I first met Julie on January 28th, 1993. Julie, 19, stood in the lobby of the Ambassador Hotel, barefoot, pants unzipped, and an 8 day-old infant in her arms. She lived in San Francisco’s SRO district, a neighbourhood of soup kitchens and cheap rooms. Her room was piled with clothes, overfull ashtrays and trash. She lived with Jack, father of her first baby Rachael and who had given her HIV/AIDS. She left him months later to stop using drugs.

Julie’s first memory of her mother is getting drunk with her at 6 and then being sexually abused by her stepfather. She ran away at 14 and became a drug addict at 15. Living in alleys, crack dens, and bunked with more dirty old men than she cared to count.

For 18-years I photographed Julie’s complex story of multiple homes, AIDS, drugs, relationships, poverty, births, deaths, loss and reunion, following Julie from the streets of San Francisco to the woods of Alaska. An in-depth look at social issues affecting American Society.

 

Darcy Padilla - Biography

In 1991, after an internship created for her by The New York Times, Darcy Padilla was offered a job.

Padilla decided to pursue her own documentary projects.

For one of her first long-term stories, she spent two-years visiting an isolation ward at a maximum-security prison in California, photographing inmates with AIDS, bolstering her commitment to her life’s work.
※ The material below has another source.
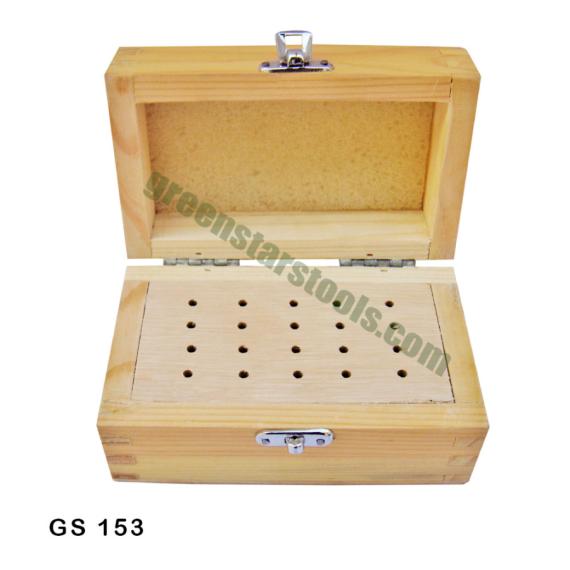 WOODEN BUR BOX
AIDS and its consequences became part of her when she spent five-years photographing residents of transient hotels in one of the poorest neighbourhoods of San Francisco. She saw all the consequences of poverty – loneliness, broken families, drugs, and the devastation of HIV.

Padilla’s enduring study has been the life of one woman she met in 1993. “The Julie Project“, the epic story of the life and death of Julie spans 18-years starting with a chance encounter and provides an in-depth look at poverty, AIDS, and social issues that are affecting American Society.

Her awards include a Guggenheim Fellowship, the W. Eugene Smith Memorial Award, the Alexia Foundation Professional Grant, the Open Society Institute Individual Fellowship, the Getty Images Grant for Editorial Photography, and recently, the 2011 & 2012 World Press Photo Awards.